## Your task
Give back only the lines in the records below from the one with "Load image into Gallery viewer, Risqué" to the one with "GOEBEL HUMMEL FIGURINE", both inclusive, word for word.

## Data supplied
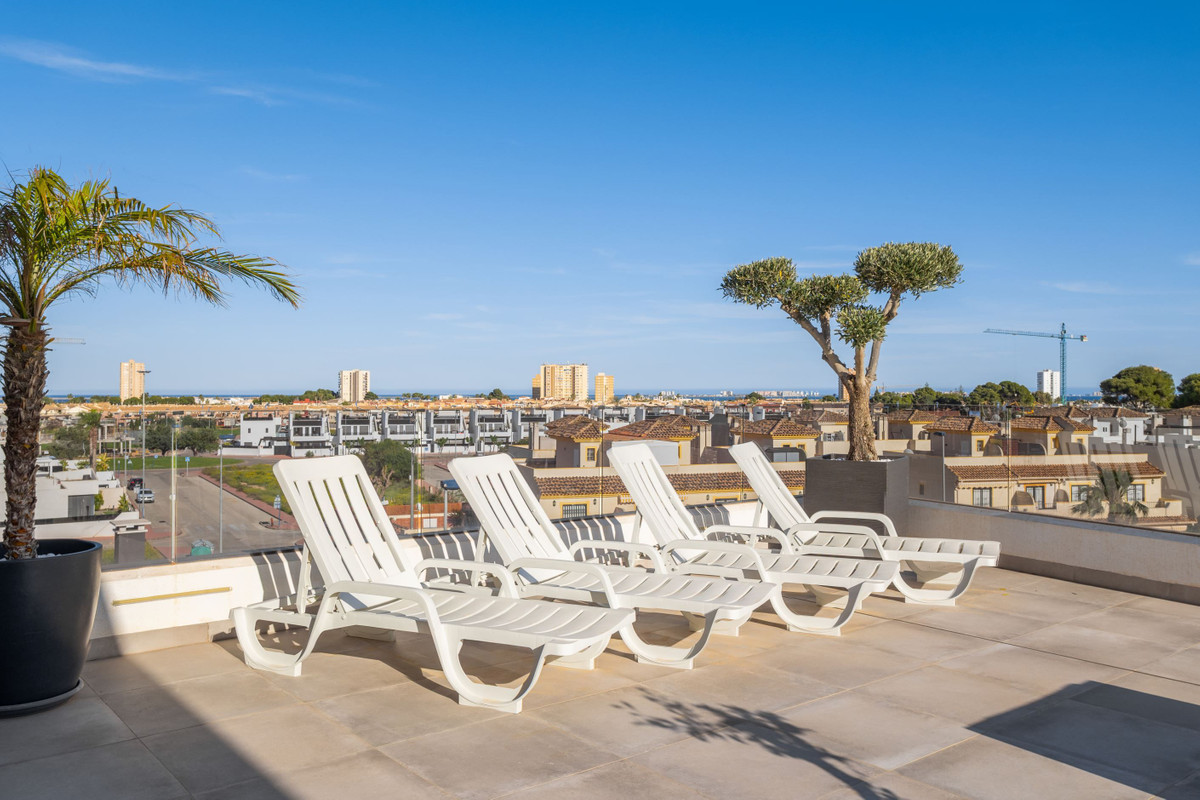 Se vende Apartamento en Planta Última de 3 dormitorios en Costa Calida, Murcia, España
...
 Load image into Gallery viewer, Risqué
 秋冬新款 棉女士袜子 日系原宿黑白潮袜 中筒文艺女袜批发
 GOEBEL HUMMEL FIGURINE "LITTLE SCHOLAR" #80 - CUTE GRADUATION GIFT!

## Result of this exercise
 Load image into Gallery viewer, Risqué
 秋冬新款 棉女士袜子 日系原宿黑白潮袜 中筒文艺女袜批发
 GOEBEL HUMMEL FIGURINE "LITTLE SCHOLAR" #80 - CUTE GRADUATION GIFT!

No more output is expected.